Alfred University News

Celebrating an indigenous heritage, Lio Bonaccio cooks and serves frybread at Powell Campus Center

Lio Bonaccio, a fourth-year Alfred University student with a major in art history and a minor in English, decided this year to celebrate Indigenous Peoples’ Day with an old family recipe.


The result was a pile of frybread that Lio handed out to friends and passersby in the Powell Campus Center Monday evening. A family recipe was used in making the bread, passed down from grandmother Mercedes Martinez to the Bonaccio family on the upper West Side of New York City, where Lio was growing up.

“I grew up eating it,” Lio says. “My grandma used it to serve us Indian tacos.”

Lio thinks the recipe is based on a Blackfoot recipe, although it uses olive oil. When native indigenous people were uprooted from their lands and given food basics such as flour for survival, it’s unlikely olive oil was included in the package.

“Probably they used some kind of lard,” Lio says.

Lio chose Indigenous Peoples Day to serve the frybread as a way of pushing back against the tokenism that many indigenous people see embedded in the standard land acknowledgements that open public assemblies. “We have land acknowledgements that we’re occupying Seneca Nation land here in Alfred,” Lio says. “But no one does anything beyond that.”

Along with studying art history, Lio also paints and does photography. A Fullbright scholarship and possible internship at the National Museum of the American Indian, in New York City, also in the works following graduation in the spring of 2024.

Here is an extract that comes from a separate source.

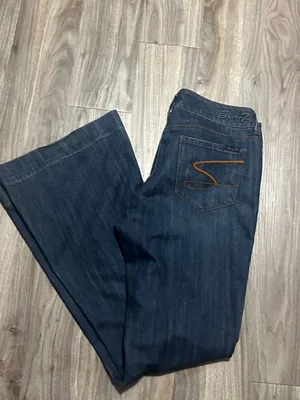 Seven7 Dark Blue Flare Jeans thumbnail 10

Lio also plans to continue cooking frybread. “I want to teach my children how to make it, so the tradition isn’t lost.”

 

Lio Bonaccio’s recipe for fry bread, based on an oral tradition

handed down from grandmother Mercedes Martinez

 

Mix about three cups of flour and maybe 1½ tablespoons of salt with a little baking powder, olive oil, and one cup of hot water. Allow the mixture to relax for 30 minutes, then form in small balls.  Roughly flatten the balls and rough up the edges with your thumbs to give each piece a pie shape. Poke a hole in the center, then fry each piece in a mixture of oil and butter.